[Stored data entries]
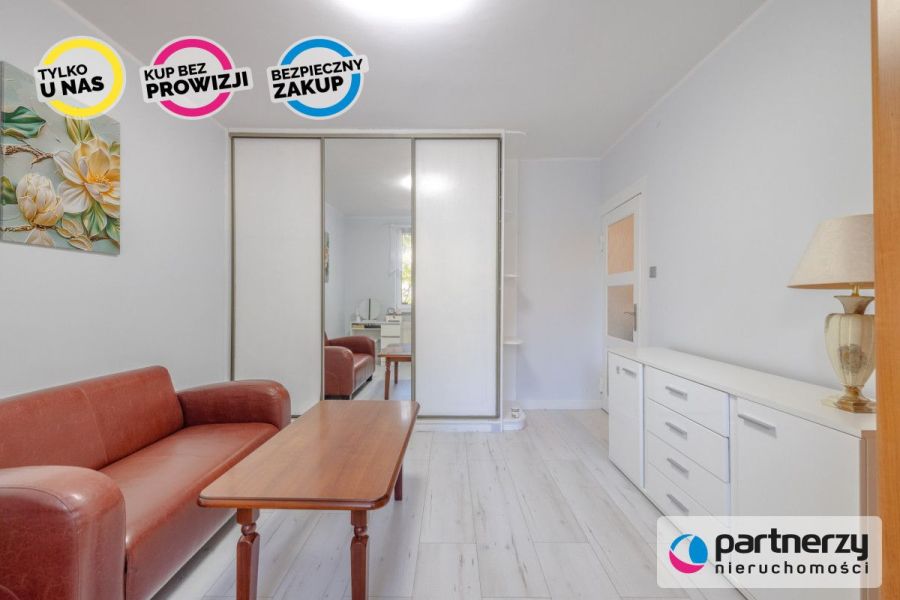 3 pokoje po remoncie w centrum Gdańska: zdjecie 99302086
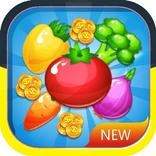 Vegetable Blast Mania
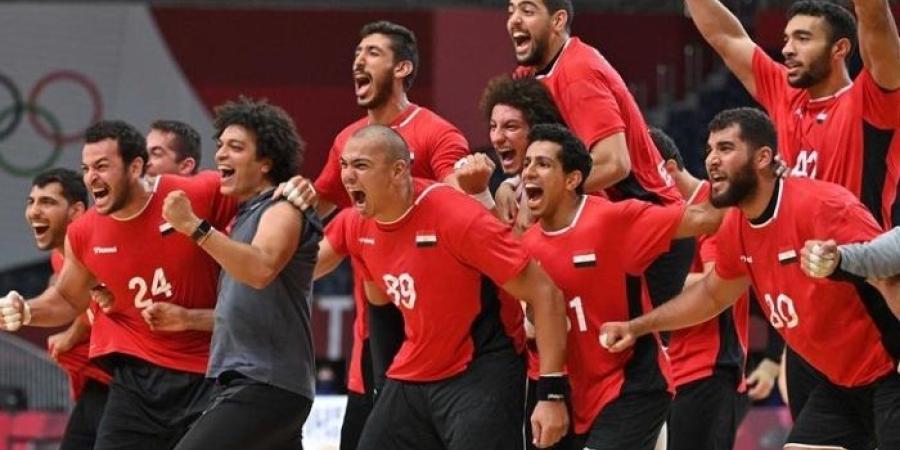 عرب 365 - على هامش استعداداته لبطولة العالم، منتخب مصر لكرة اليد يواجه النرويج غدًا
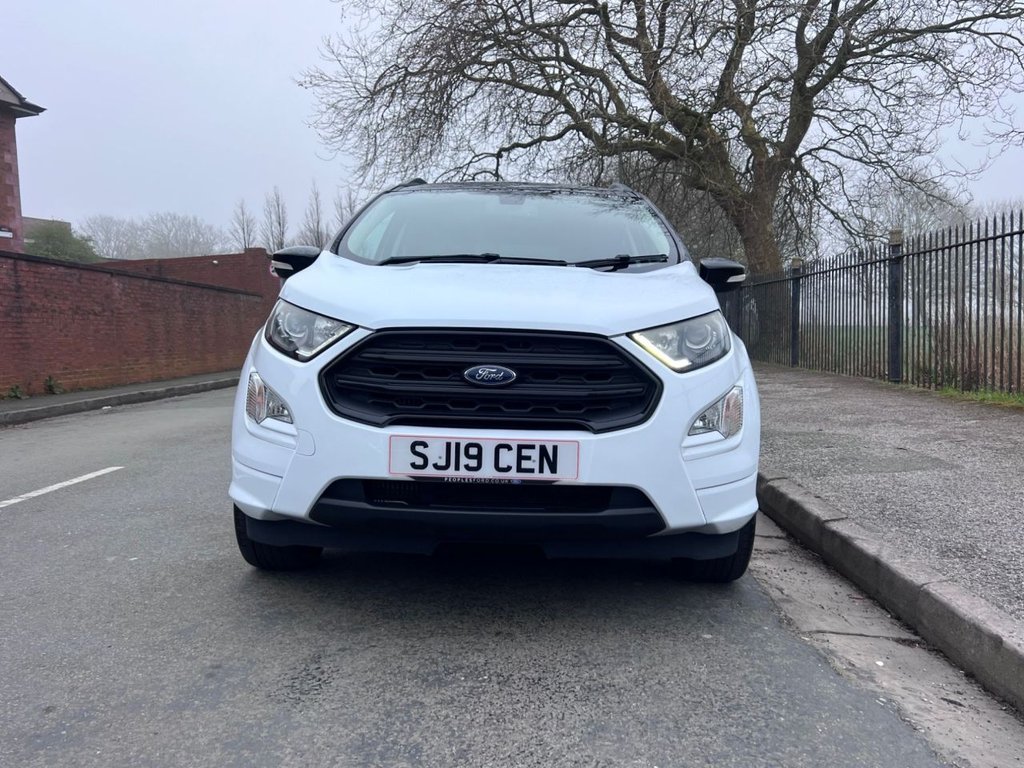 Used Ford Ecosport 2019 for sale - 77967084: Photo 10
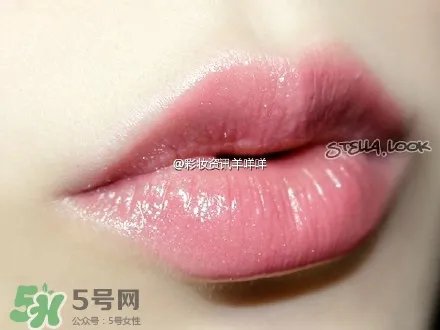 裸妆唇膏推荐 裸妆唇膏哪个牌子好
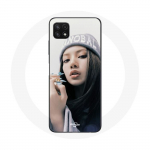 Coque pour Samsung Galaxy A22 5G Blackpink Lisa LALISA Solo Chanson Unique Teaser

◆ Instructions to follow
Quote exactly, and nothing besides, the lines from the one with "Used Ford Ecosport" through the end of the records above; include both ends and omit the pictures.

◆ Solution for this exercise
 Used Ford Ecosport 2019 for sale - 77967084: Photo 10
 裸妆唇膏推荐 裸妆唇膏哪个牌子好
 Coque pour Samsung Galaxy A22 5G Blackpink Lisa LALISA Solo Chanson Unique Teaser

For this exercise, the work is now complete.